Assignment: Transcribe the full listing below, word for word, without pictures.

── Given records ──

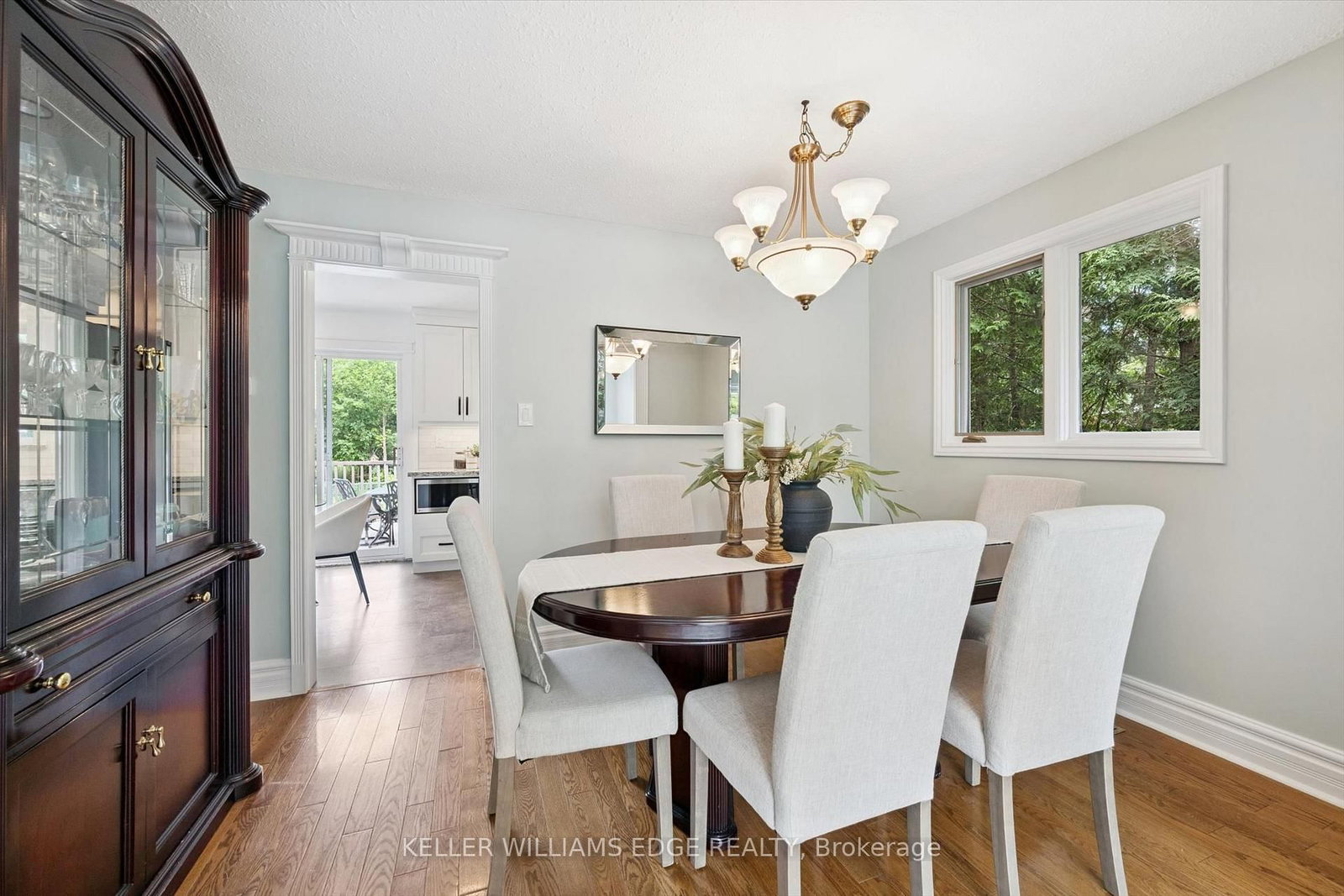 495 Tipperton Crescent • Oakville, ON photo 13
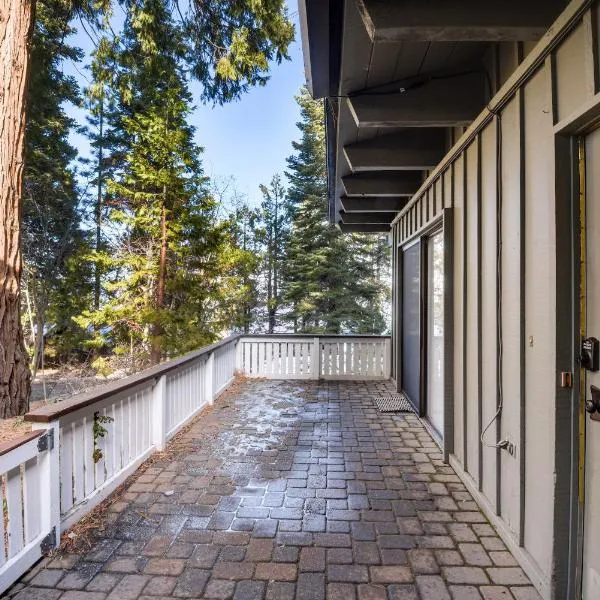 Waters Edge Escape - Patio with BBQ Near Beach, hotel u gradu Tahoma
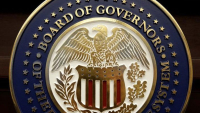 Fed: Αφησε αμετάβλητα τα επιτόκια - «Βλέπει» επιβράδυνση της ανάπτυξης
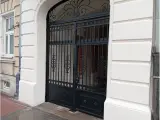 Wyrób kuty: Kuta Brama Wejściowa Dwuskrzydłowa z Nadświetlem Architektonicznym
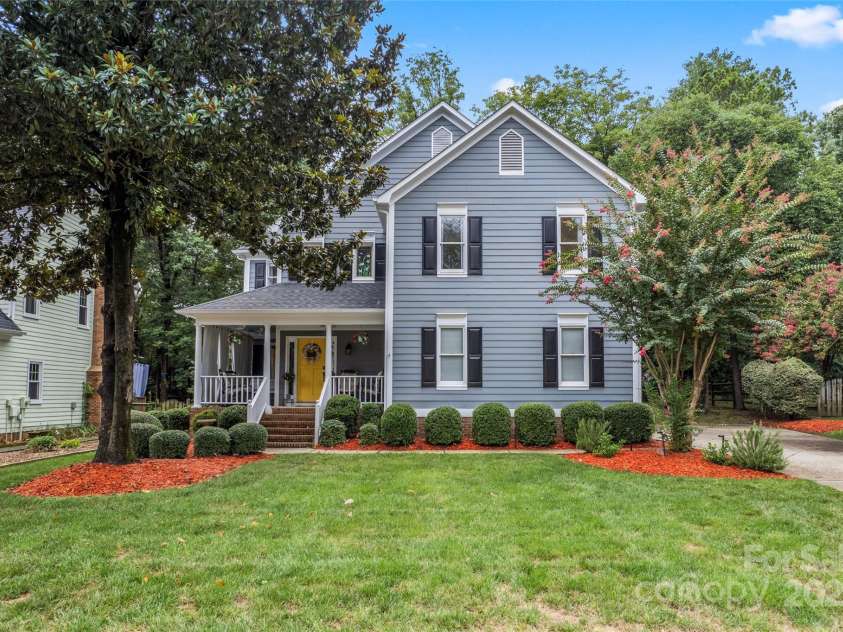 9115 Crofton Springs Drive, Charlotte, NC 28269.  MLS# CAR4289605, YatesRealty ID 31897. Front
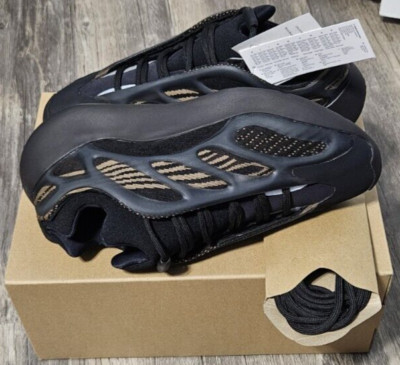 Size 9.5 - adidas Yeezy 700 V3 Clay Brown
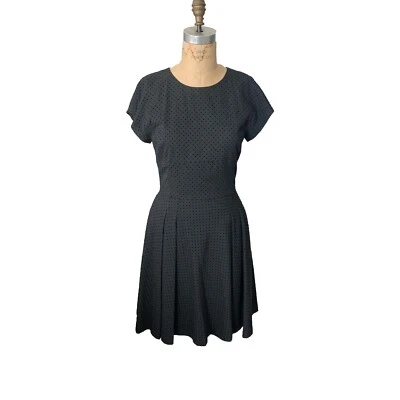 Vestido Colección BROOKS BROTHERS Rojo Vellón Lunares Suizos Negro Ajuste y Acampanado Foto 1 de 4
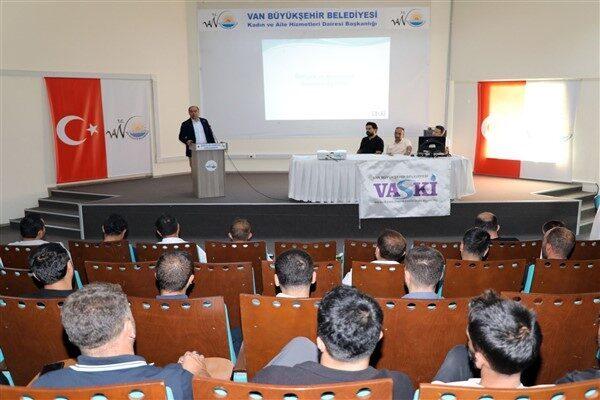 Van Büyükşehir Belediyesi hizmet içi egitimlerine devam ediyor. Bu kapsamda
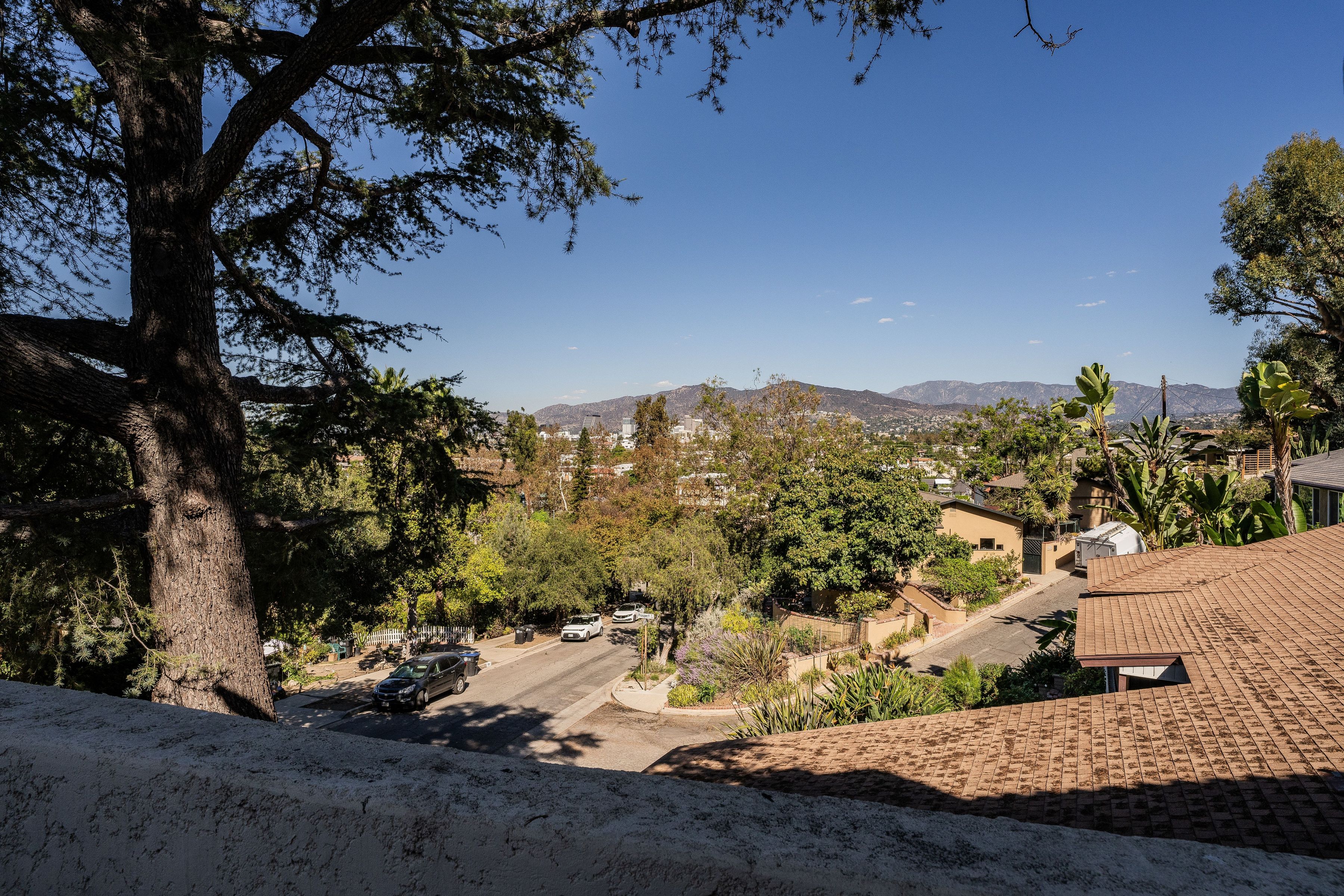  718 East Cypress Street - 物件實景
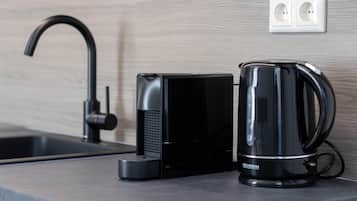 Mini réfrigérateur, micro-ondes, plaque de cuisson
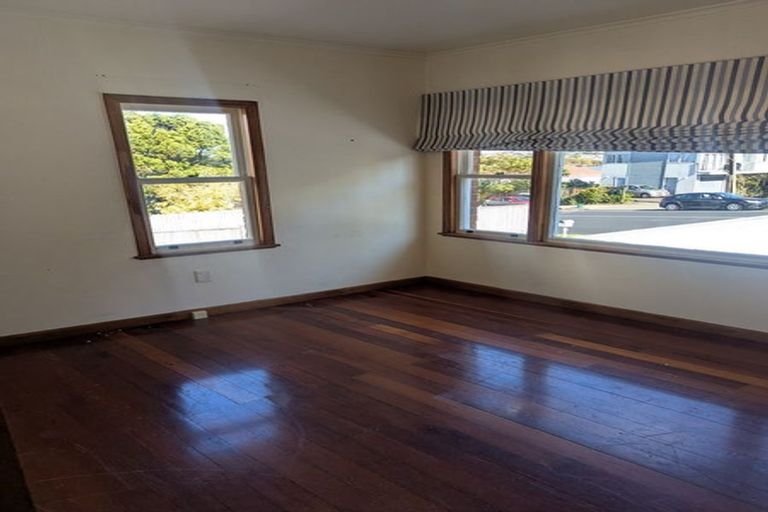 Photo of property in 1/11 Forrest Hill Road, Milford, Auckland, 0620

───

Solution to this problem:
 495 Tipperton Crescent • Oakville, ON photo 13
 Waters Edge Escape - Patio with BBQ Near Beach, hotel u gradu Tahoma
 Fed: Αφησε αμετάβλητα τα επιτόκια - «Βλέπει» επιβράδυνση της ανάπτυξης
 Wyrób kuty: Kuta Brama Wejściowa Dwuskrzydłowa z Nadświetlem Architektonicznym
 9115 Crofton Springs Drive, Charlotte, NC 28269.  MLS# CAR4289605, YatesRealty ID 31897. Front
 Size 9.5 - adidas Yeezy 700 V3 Clay Brown
 Vestido Colección BROOKS BROTHERS Rojo Vellón Lunares Suizos Negro Ajuste y Acampanado Foto 1 de 4
 Van Büyükşehir Belediyesi hizmet içi egitimlerine devam ediyor. Bu kapsamda
  718 East Cypress Street - 物件實景
 Mini réfrigérateur, micro-ondes, plaque de cuisson
 Photo of property in 1/11 Forrest Hill Road, Milford, Auckland, 0620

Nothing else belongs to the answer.